Spatial statistics
»[E]verything is related to everything else, but near things are more related than distant things.« (First law of geography; Waldo Tobler, 1970)
The world around us is full of complex spatial structures. But how can we reliably estimate meaningful spatial structures from our scientific and everyday data sets? What stories do quantified spatial patterns tell us? How do spatial methods interact with different types of data and their properties? How can we approach the identification of spatial structures in novel types of data sets? These are the questions we are dealing with at the Spatial Modelling Lab Dortmund.

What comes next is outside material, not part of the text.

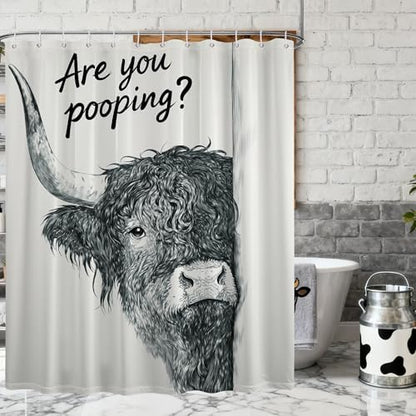 Extra Tall Shower Curtain XL Funny Highland Cow, 70 x 96 Inchs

Our lab focuses on statistical methods for the detection and characterisation of spatial regularities. One specialisation is the estimation of spatial autocorrelation. We investigate how existing estimators interact with novel data sets for which these methods were not originally intended. An example is the case of social media data, some of which are geographically referenced. However, such Big Data sources are subject to complex forms of heterogeneity and originate from largely uncontrolled, non-scientific data collection procedures. Using existing methods or novel approaches, we investigate how we can extract spatial patterns from such data sets in order to expand our knowledge about the organisation of our everyday life. We thereby contribute to the investigation of correlation measures, hotspot statistics, and measures of spatial heterogeneity.

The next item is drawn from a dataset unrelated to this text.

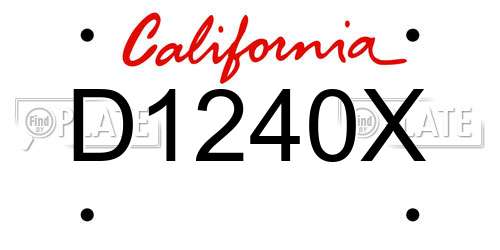 D1240X California License Plate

We also focus on new ways of representing "space" in regression and other types of modelling. This includes the explicit inclusion of space as an explanatory factor in regression models to reveal the effect of space in complex systems. Our work investigates both methodological aspects of both regression modelling and spatial filtering. The latter is a set of techniques based on the representation and understanding of the interplay of all possible spatial patterns that a specific geographic configuration would theoretically allow. This holistic approach makes spatial filtering a very powerful tool for a comprehensive quantitative analysis of geographical issues. In addition to these technical foci, we emphasise the importance of modelling not only space in an abstract sense, but especially geographical space. In this way, we argue for the importance of the meaningfulness that models of geographical space should offer in order to disclose not only patterns and structures, but also a detailed and realistic understanding of the geographical environment. This is a key feature that distinguishes us from many other, more technically oriented labs and positions us clearly at the interface between technical and domain expertise.